Tunda Proyek Boros Dolar

Pengamat ekonomi Shanti Ramchand Shamdasani menilai pemerintah perlu menunda pembangunan proyek-proyek infrastruktur yang masih dalam daftar perencanaan (pipeline) sehingga dananya bisa digunakan untuk menstabilkan rupiah.

“Saya usulkan, proyek-proyek yang tadinya sudah pipeline, belum dilaksanakan dan masih bisa dihentikan, dihentikan dulu.

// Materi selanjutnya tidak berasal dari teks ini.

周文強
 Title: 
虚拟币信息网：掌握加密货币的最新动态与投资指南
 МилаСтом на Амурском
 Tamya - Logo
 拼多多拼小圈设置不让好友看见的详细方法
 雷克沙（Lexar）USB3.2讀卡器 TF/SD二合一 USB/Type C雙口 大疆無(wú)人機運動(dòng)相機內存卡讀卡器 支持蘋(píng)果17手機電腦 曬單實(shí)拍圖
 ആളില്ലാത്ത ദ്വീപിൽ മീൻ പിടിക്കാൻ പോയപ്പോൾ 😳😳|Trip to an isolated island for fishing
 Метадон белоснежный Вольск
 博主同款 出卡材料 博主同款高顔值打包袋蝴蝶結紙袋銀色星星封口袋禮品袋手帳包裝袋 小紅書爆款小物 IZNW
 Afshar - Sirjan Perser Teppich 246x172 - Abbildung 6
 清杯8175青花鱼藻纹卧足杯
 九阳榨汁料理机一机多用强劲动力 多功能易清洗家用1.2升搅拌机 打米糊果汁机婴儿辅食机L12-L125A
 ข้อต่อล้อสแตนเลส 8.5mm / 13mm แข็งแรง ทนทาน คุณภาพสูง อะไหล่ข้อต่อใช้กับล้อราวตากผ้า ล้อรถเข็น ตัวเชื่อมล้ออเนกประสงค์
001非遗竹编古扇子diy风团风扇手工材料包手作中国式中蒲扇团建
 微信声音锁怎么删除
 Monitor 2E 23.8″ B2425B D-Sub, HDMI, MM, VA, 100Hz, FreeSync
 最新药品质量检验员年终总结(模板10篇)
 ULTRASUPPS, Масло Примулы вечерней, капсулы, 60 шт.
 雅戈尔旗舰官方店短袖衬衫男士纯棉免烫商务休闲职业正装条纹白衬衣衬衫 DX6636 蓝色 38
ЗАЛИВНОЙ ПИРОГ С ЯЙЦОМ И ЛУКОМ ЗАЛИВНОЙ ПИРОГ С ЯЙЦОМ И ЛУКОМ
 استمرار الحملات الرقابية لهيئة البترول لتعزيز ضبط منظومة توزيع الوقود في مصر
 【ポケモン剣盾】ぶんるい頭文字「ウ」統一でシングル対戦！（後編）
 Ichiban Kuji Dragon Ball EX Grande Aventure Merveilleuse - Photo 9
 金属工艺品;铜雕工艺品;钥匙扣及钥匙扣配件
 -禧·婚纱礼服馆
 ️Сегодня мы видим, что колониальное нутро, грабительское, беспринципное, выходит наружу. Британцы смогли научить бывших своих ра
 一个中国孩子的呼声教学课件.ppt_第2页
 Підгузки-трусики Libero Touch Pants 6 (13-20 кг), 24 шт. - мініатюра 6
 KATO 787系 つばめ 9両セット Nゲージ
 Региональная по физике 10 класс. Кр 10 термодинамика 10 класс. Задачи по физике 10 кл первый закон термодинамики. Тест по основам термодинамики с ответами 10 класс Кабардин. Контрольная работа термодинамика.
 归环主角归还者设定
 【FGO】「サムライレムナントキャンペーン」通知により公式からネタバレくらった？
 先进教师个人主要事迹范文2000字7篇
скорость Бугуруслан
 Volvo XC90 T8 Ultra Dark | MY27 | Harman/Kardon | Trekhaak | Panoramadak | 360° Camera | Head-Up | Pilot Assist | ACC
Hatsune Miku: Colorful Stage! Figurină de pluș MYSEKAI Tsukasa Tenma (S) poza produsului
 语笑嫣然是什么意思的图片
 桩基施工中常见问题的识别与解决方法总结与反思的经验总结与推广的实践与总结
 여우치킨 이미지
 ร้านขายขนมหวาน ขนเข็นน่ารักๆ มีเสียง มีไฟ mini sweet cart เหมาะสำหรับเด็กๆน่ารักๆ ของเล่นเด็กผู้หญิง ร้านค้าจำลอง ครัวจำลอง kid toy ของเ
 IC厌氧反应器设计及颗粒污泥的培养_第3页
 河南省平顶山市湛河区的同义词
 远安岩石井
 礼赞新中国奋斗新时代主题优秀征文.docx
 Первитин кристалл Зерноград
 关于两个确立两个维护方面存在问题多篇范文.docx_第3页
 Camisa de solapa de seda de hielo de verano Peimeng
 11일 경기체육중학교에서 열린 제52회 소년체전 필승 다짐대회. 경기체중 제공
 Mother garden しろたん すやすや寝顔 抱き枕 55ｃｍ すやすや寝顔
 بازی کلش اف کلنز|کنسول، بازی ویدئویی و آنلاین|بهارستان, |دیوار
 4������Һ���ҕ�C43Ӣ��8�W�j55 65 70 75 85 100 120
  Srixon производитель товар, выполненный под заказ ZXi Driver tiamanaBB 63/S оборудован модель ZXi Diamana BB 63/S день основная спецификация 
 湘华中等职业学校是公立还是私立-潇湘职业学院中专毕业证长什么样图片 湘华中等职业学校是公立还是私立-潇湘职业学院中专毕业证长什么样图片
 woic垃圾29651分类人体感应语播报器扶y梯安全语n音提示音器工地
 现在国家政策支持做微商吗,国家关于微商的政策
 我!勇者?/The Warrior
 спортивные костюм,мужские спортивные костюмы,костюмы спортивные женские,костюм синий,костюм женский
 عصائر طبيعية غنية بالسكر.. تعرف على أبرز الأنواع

Uangnya digunakan untuk mengamankan rupiah,” kata Shanti.

Menurut Shanti, yang juga pakar perdagangan internasional itu, pembangunan infrastruktur yang digenjot oleh pemerintahan Joko Widodo-Jusuf Kalla selama empat tahun terakhir, memang akan sangat bermanfaat pada masa mendatang terutama dalam menghadapi era ekonomi digital.

Namun, lanjutnya, pembangunan proyek-proyek infrastruktur tersebut harus diakui juga membuat ekonomi Indonesia mengalami ‘overheating’ atau kondisi di mana kapasitas ekonomi tidak mampu lagi mengimbangi pertumbuhan ekonomi yang terus meningkat.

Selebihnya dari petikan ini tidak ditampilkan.